» Exercise prompt:
Please restate exactly the lines from the one holding "Jacquemus Wool Jacquard Scarf In Brown" to the end of the material, including both ends and excluding every picture.

» Stored data:
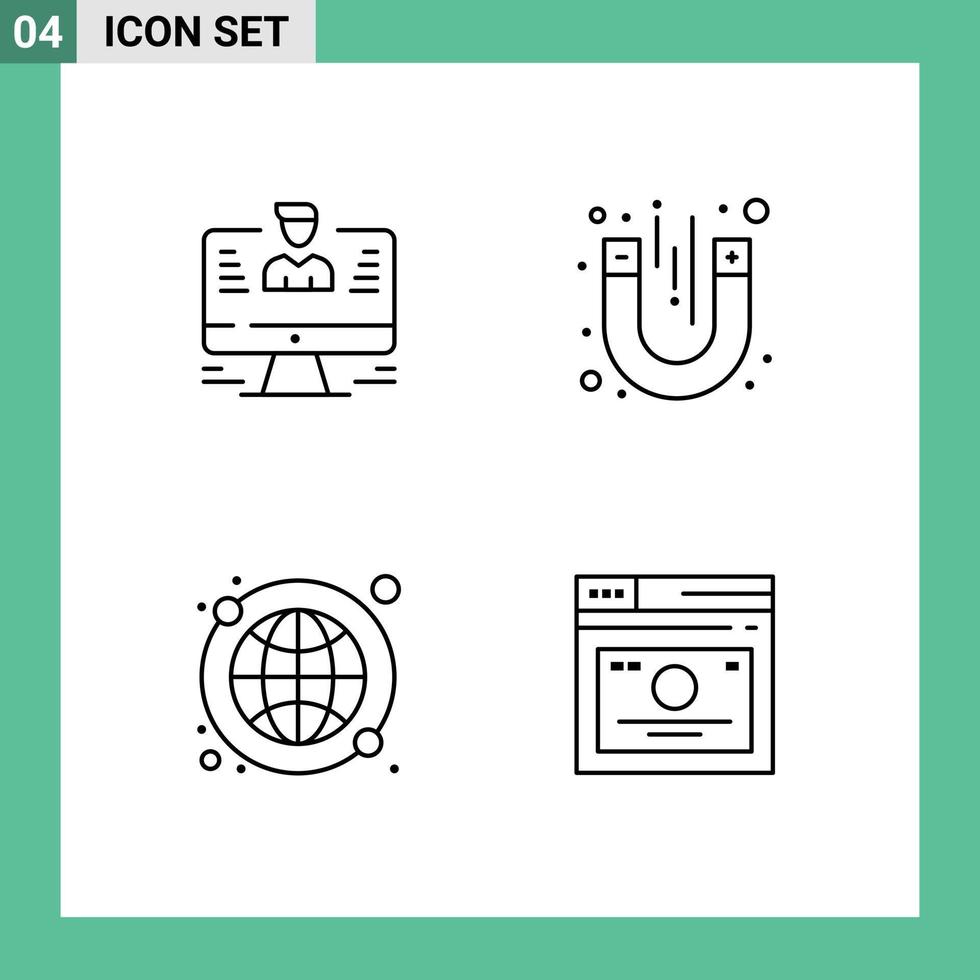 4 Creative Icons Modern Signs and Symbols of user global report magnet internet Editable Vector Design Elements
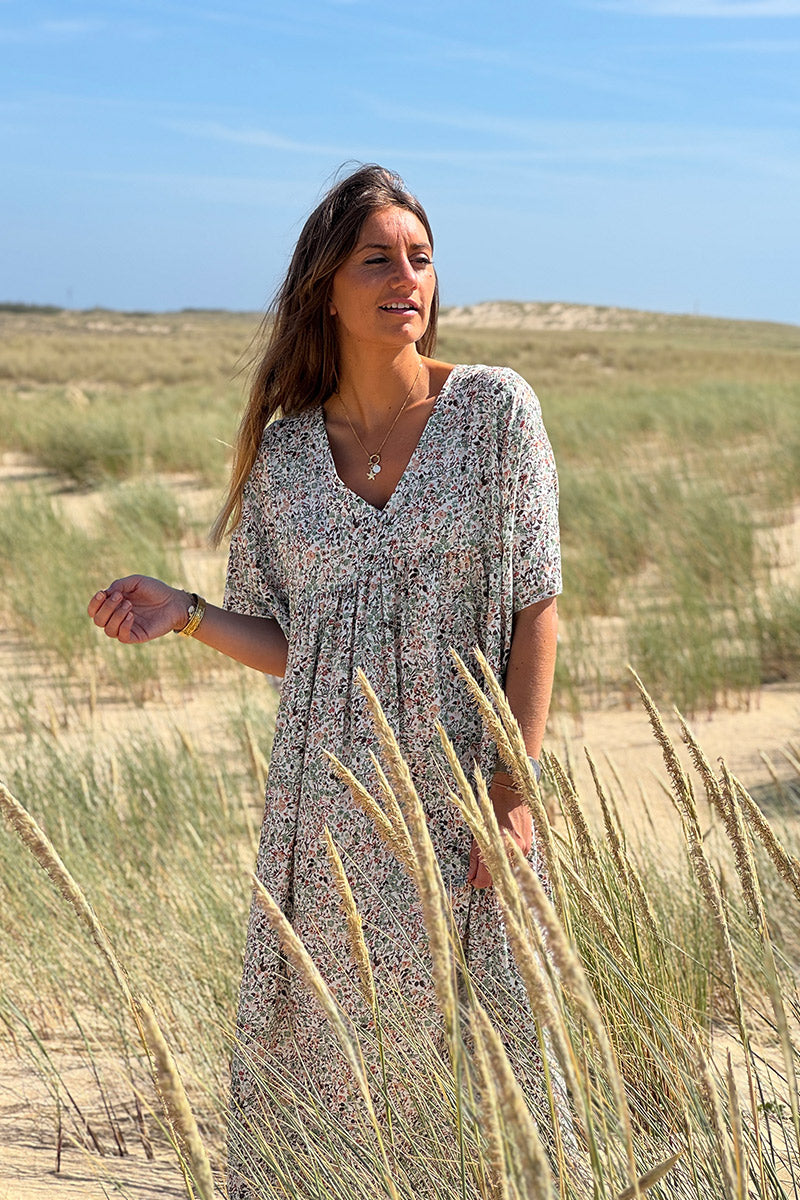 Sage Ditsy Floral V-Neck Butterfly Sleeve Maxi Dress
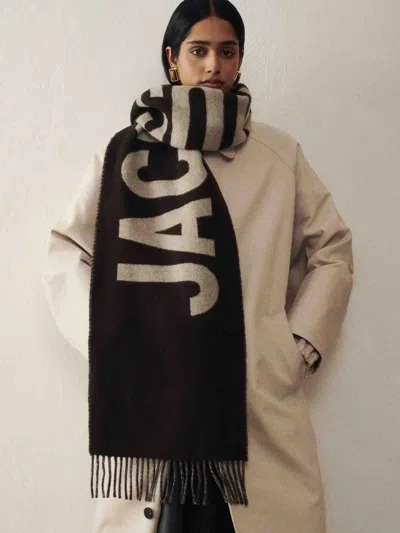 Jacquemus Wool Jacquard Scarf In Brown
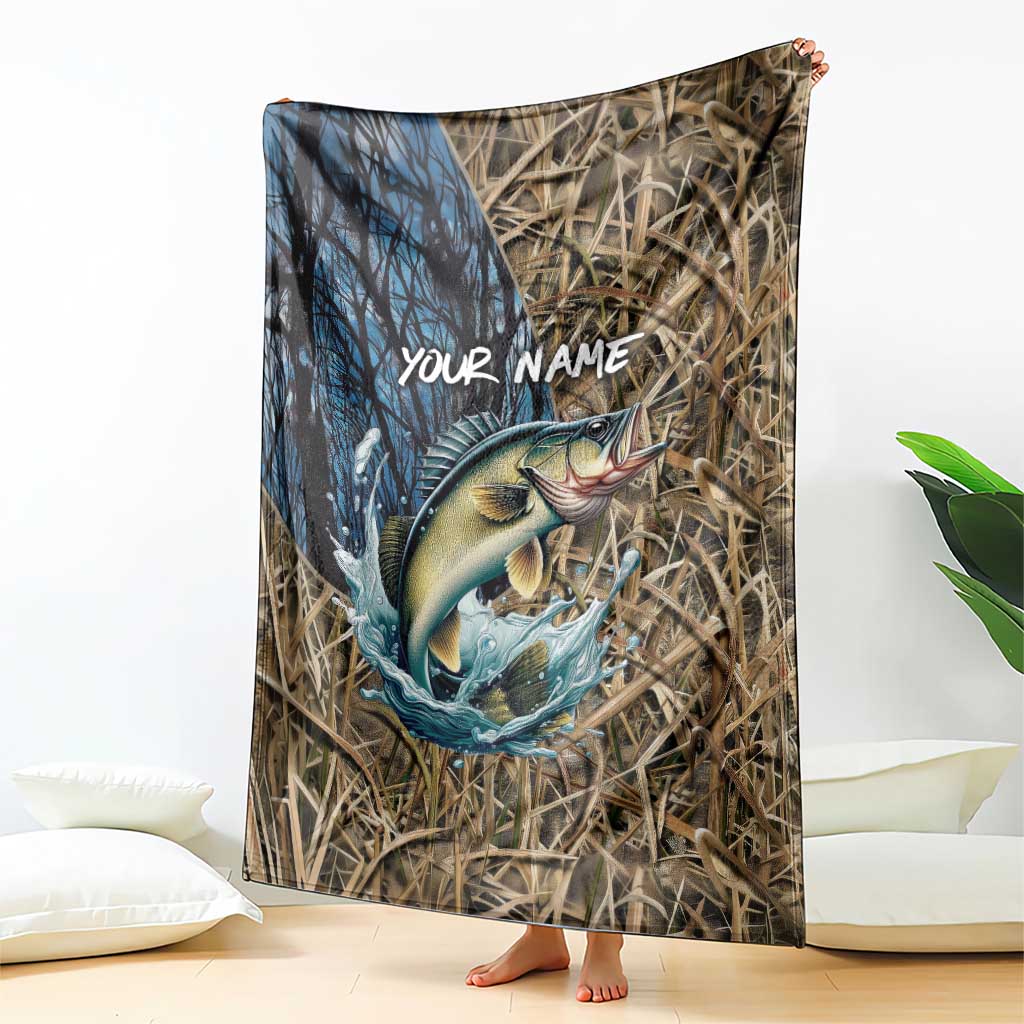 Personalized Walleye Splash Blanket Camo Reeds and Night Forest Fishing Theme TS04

» Answer for this exercise:
 Jacquemus Wool Jacquard Scarf In Brown
 Personalized Walleye Splash Blanket Camo Reeds and Night Forest Fishing Theme TS04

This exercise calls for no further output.